Saudi Arabia wants oil to stay between US$70 and US$80 a barrel for now as the world’s biggest crude exporter strikes a balance between maximizing revenue and keeping a lid on prices until U.S. congressional elections, OPEC and industry sources said.
After announcing the flotation of Saudi Aramco in 2016, the kingdom began pushing for higher crude prices partly to help maximize the valuation of the state oil company ahead of an initial public offering (IPO), originally scheduled for 2018.
That changed in April when U.S. President Donald Trump put public pressure on Riyadh to keep crude prices in check, wanting to stop U.S. fuel costs rising ahead of the U.S. midterm elections in November.

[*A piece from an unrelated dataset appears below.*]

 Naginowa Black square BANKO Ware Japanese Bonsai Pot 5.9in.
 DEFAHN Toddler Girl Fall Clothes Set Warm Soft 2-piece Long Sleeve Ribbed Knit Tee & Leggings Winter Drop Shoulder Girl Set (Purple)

Now, even though the IPO has been shelved, Saudi Arabia still wants to keep oil prices as high as possible without offending Washington, the sources said. Saudi needs cash to finance a series of economic development projects.
OPEC and Saudi Arabia do not have an official price target and are unlikely to adopt one formally.
“The Saudis need oil at about US$80 and they don’t want prices to go below US$70. They want to manage the market like this,” one of the sources told Reuters.
“They need cash. They have plans and reforms and now the IPO is delayed. But they don’t want anyone else talking about oil prices now. It’s all because of Trump,” the source said.
An informal target of US$70 to US$80 raises the prospect of Saudi Arabia making regular tweaks to its output to influence the cost of crude as the market responds to other factors affecting global supply and demand.
One industry source said it may have done precisely that last week. With Brent heading towards US$80 a barrel, Saudi Arabia told the market about an increase in its production last month sooner than it would have usually released such information, the source, who follows Saudi output policy, said.
“The Saudis will probably put a few more dampening signals out, given where prices have gone,” the industry source said.